Why did we create this config file? Lets say you would like to also have t he same model, but with 3 input channels when you do predictions on colored images. All you would have to do is either change the value input_channels: 3
of the file conf/model/my_simple_model.yaml
. But if you want to give it a distiguishable name (which makes sense for more complex usecases) then you can just create another file conf/model/my_simple_model_rgb.yaml
for example, which has the content
defaults:
- my_simple_model_base
- _self_
num_classes: 10
input_channels: 3 # <- this is the only thing that changed
Now you could from a command line very easily switch between the 2 configs without remembering any specific numbers.
5. Add an experiment using that model:
There are 2 ways to use your model now in a training run.
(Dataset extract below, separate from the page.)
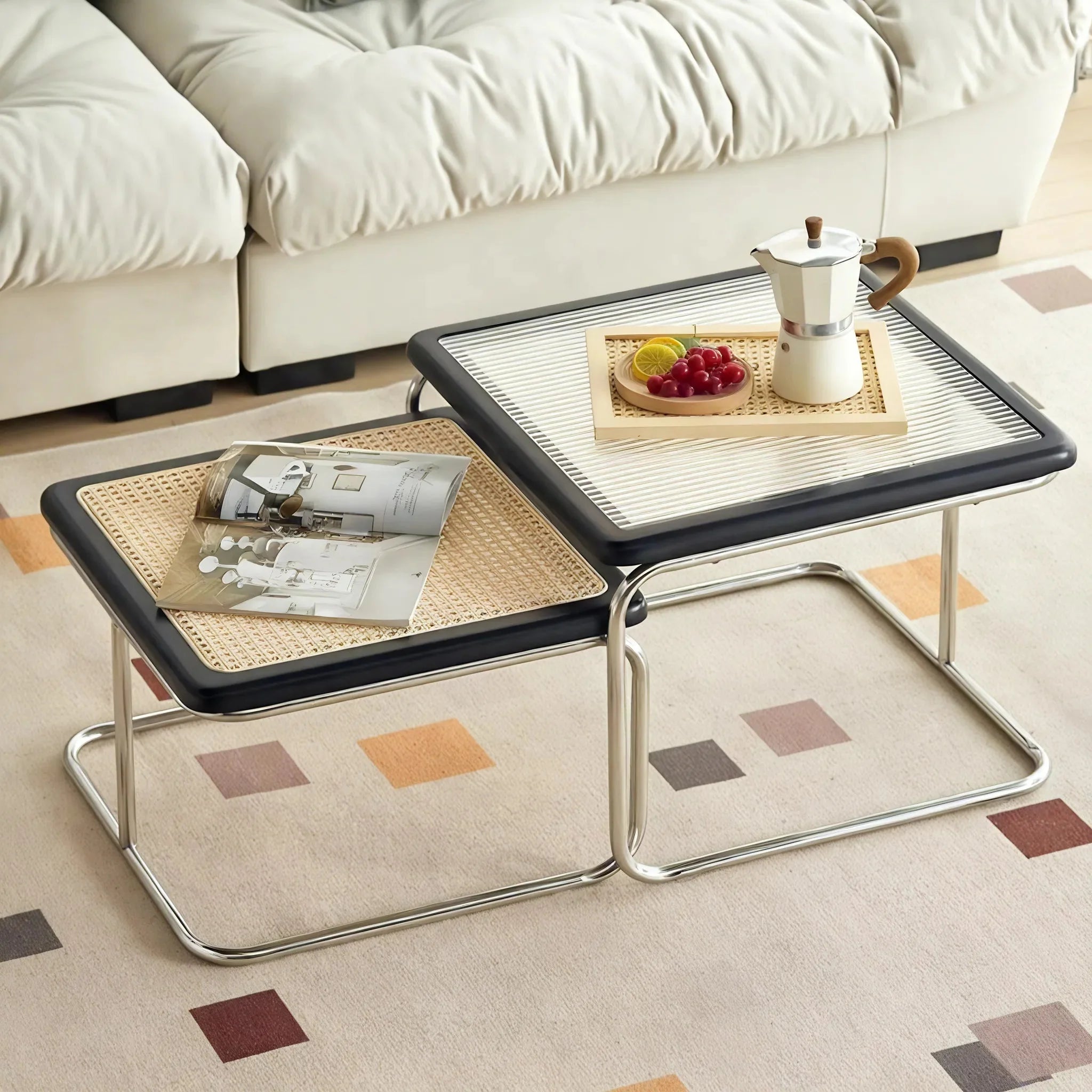 RATTAN-MODERNE | Retro Nordic Coffee Table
- From the command line: All you have to do is keep everything with the defaults and just exchanging the model from the command line using hydras command line interface:
python main.py model=my_simple_model
or
python main.py model=my_simple_model_rgb
or if you did not create the yaml-file:
python main.py model=my_simple_model_base
From the command line we could also specify different inputs to our model:
python main.py model=my_simple_model_base model.input_channels=3
- We can create an experiment using this model. This definitely is preferable when the setups get more complex. For this, we have to create a new yaml file in the experiment folder. So lets create the file
conf/experiment/my_simple_model_experiment.yaml
with the following content:
# @package _global_
defaults:
- override /lightning_module: default
- override /datamodule: mnist
- override /datamodule/dataset: mnist
- override /loss: nll_loss
- override /datamodule/train_transforms: no_transforms
- override /datamodule/valid_transforms: no_transforms
- override /model: my_simple_model # <- this is the line where we add our own model to the experiment
- override /optimizer: sgd
- override /loss: nll_loss
- override /strategy: null
- override /logger/tensorboard: tensorboard
- override /callbacks/checkpoint: model_checkpoint
- override /callbacks/early_stopping: early_stopping
- override /callbacks/lr_monitor: lr_monitor
- override /hydra/launcher: local
- _self_
output_dir_base_path: ./outputs
random_seed: 7
print_config: true
log_level: "info"
trainer:
fast_dev_run: false
num_sanity_val_steps: 3
max_epochs: 3
gpus: 0
limit_train_batches: 3
limit_val_batches: 3
datamodule:
num_workers: 0
batch_size: 4
Most settings here are the same as in the defaults, which are specified in conf/config.yaml
but for this tutorial I think explicit is easier to understand the implicit.
To use the experiment we run our model with
python main.py +experiment=my_simple_model_experiment
Again we can also change all set values from the command line
python main.py +experiment=my_simple_model_experiment datamodule.num_workers=20
It should be easy now to follow the same steps to include your own datamodule, dataset, transforms, optimizers or whatever else you might need.